# Sparse Forward Methods

## Sparse Forward Methods

Many real-world Jacobians are sparse. Most derivative entries are zero because outputs depend only on small subsets of inputs.

Forward mode automatic differentiation can exploit this structure to reduce:

- runtime,
- memory usage,
- tangent dimensionality,
- cache pressure,
- bandwidth cost.

Sparse forward methods are techniques for propagating only the derivative information that actually matters.

### Sparse Jacobians

Suppose

$$
f : \mathbb{R}^n \to \mathbb{R}^m.
$$

The Jacobian is

$$
J_f(x) =
\left[
\frac{\partial f_i}{\partial x_j}
\right].
$$

In many systems:

$$
\frac{\partial f_i}{\partial x_j} = 0
$$

for most pairs $(i,j)$.

Example:

$$
f(x_1,x_2,x_3,x_4) =
\begin{bmatrix}
x_1x_2 \\
x_3 + x_4
\end{bmatrix}.
$$

The Jacobian is

$$
J_f(x) =
\begin{bmatrix}
x_2 & x_1 & 0 & 0 \\
0 & 0 & 1 & 1
\end{bmatrix}.
$$

Only four entries are nonzero.

Dense forward mode still propagates tangent information for all variables. Sparse forward mode tries to avoid this unnecessary work.

### Sources of sparsity

Sparse derivatives appear naturally in many domains.

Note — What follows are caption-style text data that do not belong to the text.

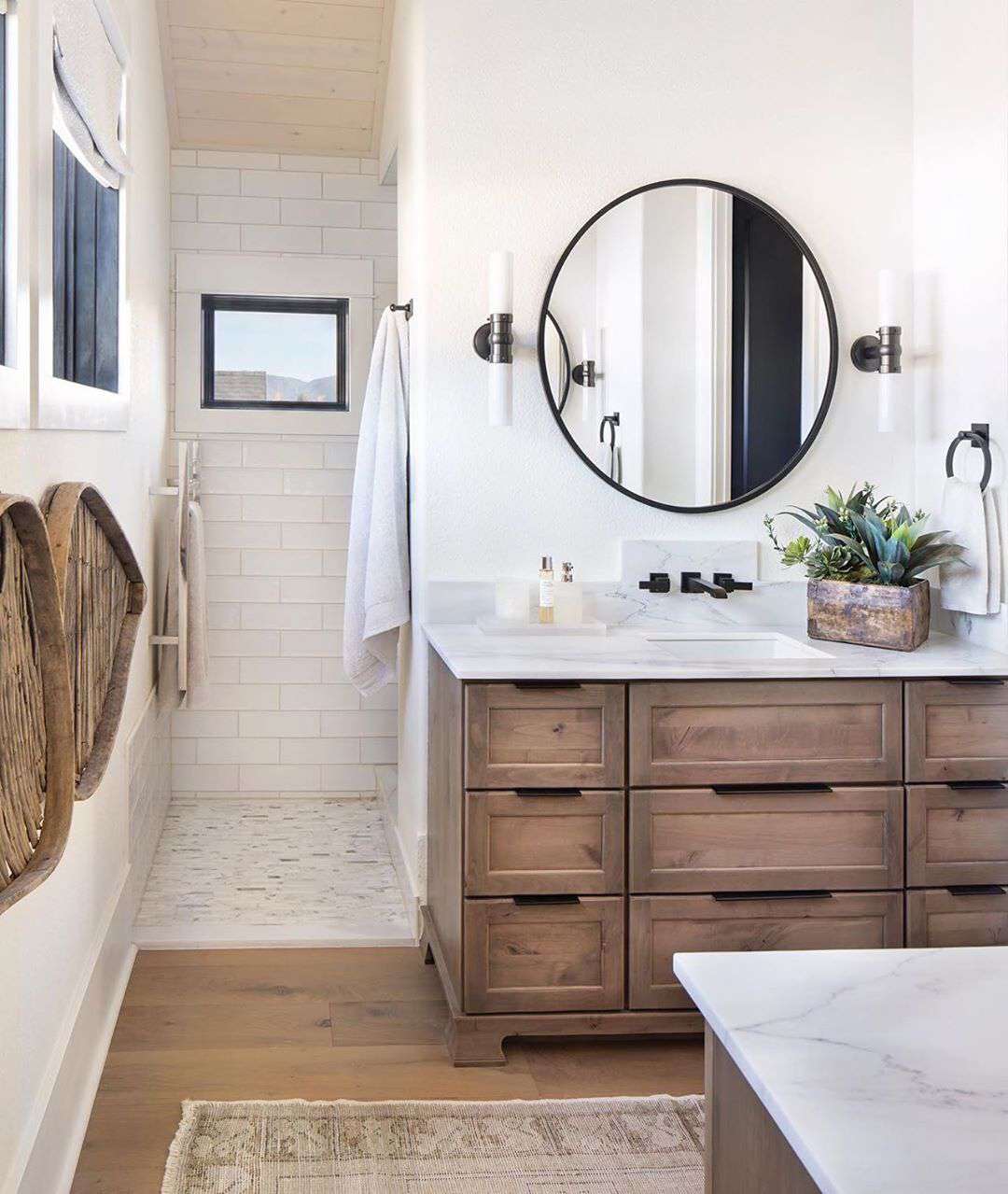 Salle de bain avec meuble-lavabo en bois rustique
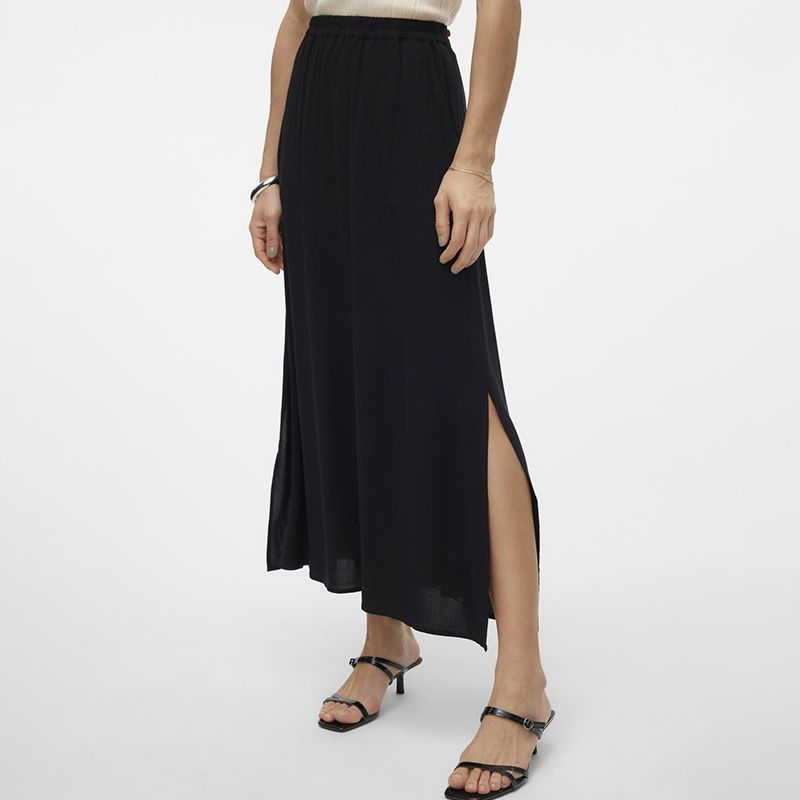 Длинная черная струящаяся юбка с разрезом Женский VERO MODA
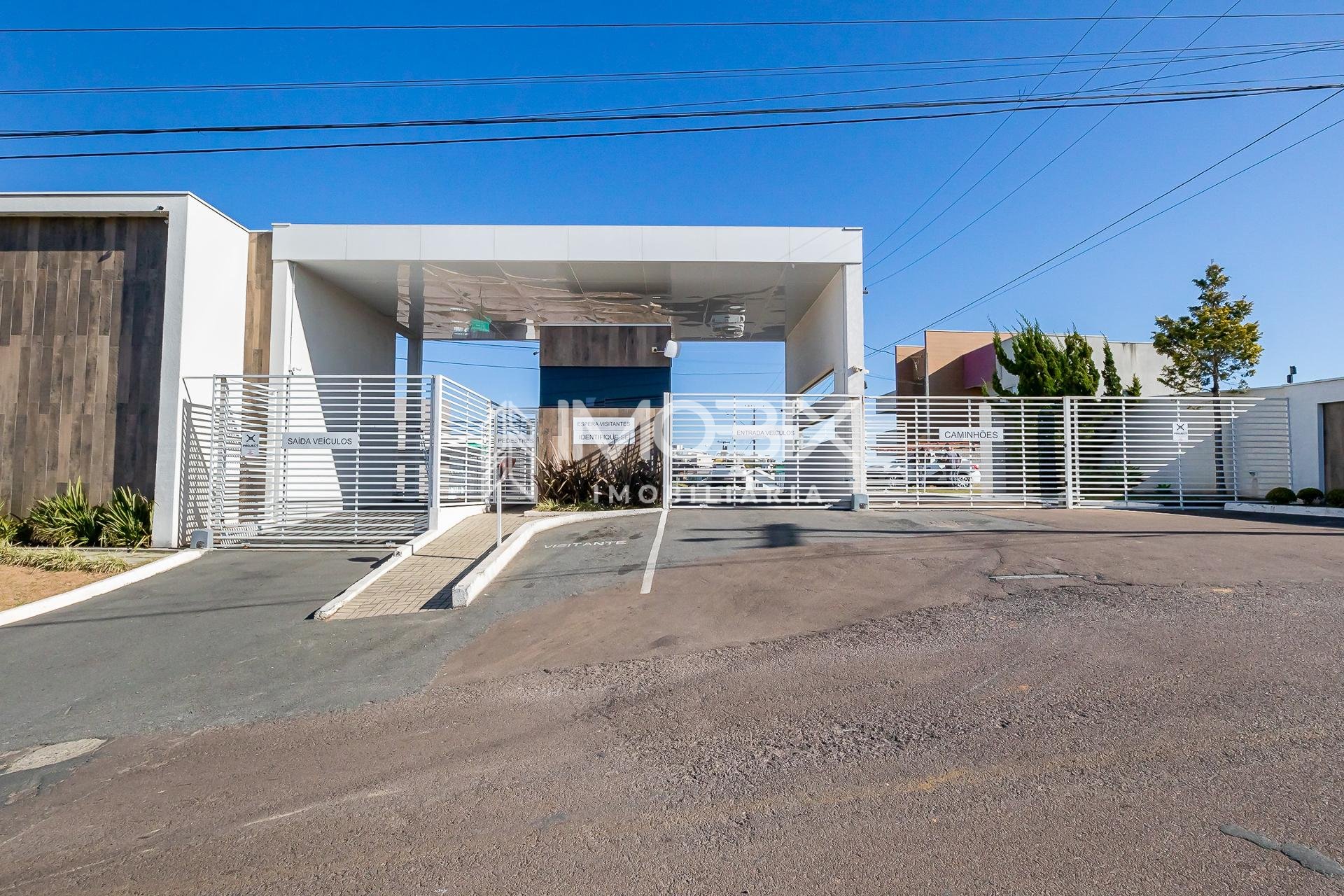 Terreno com 1.052,72 m  em Condomínio Fechado de Alto Padrão a...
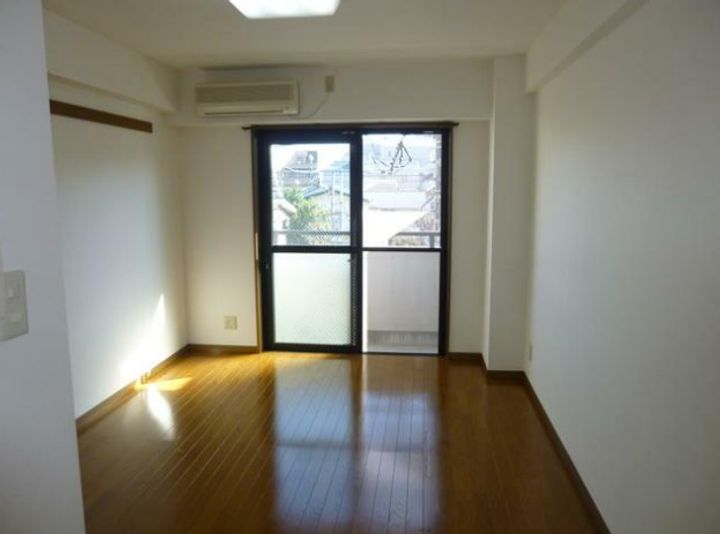 ワイ・エスあけのの居間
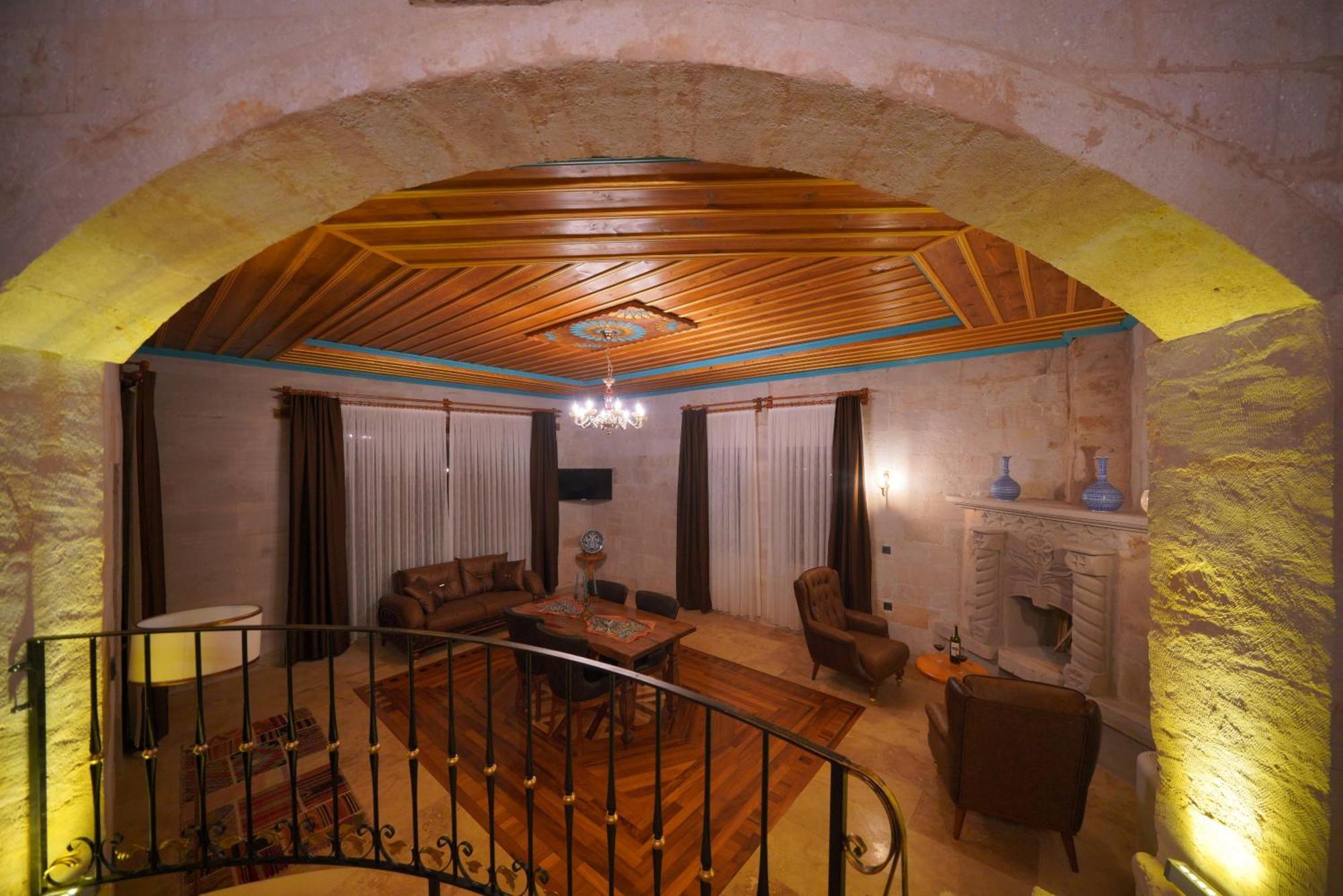 Cappadocia Secret Hill Cave Suites Goreme Bagian luar foto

| Domain | Sparsity source |
|---|---|
| PDE discretization | local spatial interactions |
| finite element methods | mesh locality |
| circuit simulation | component connectivity |
| robotics | chain topology |
| graph algorithms | neighborhood structure |
| optimization | block constraints |
| databases | local relational dependencies |
| physical simulation | finite-range forces |

In these systems, each output depends on only a small subset of inputs.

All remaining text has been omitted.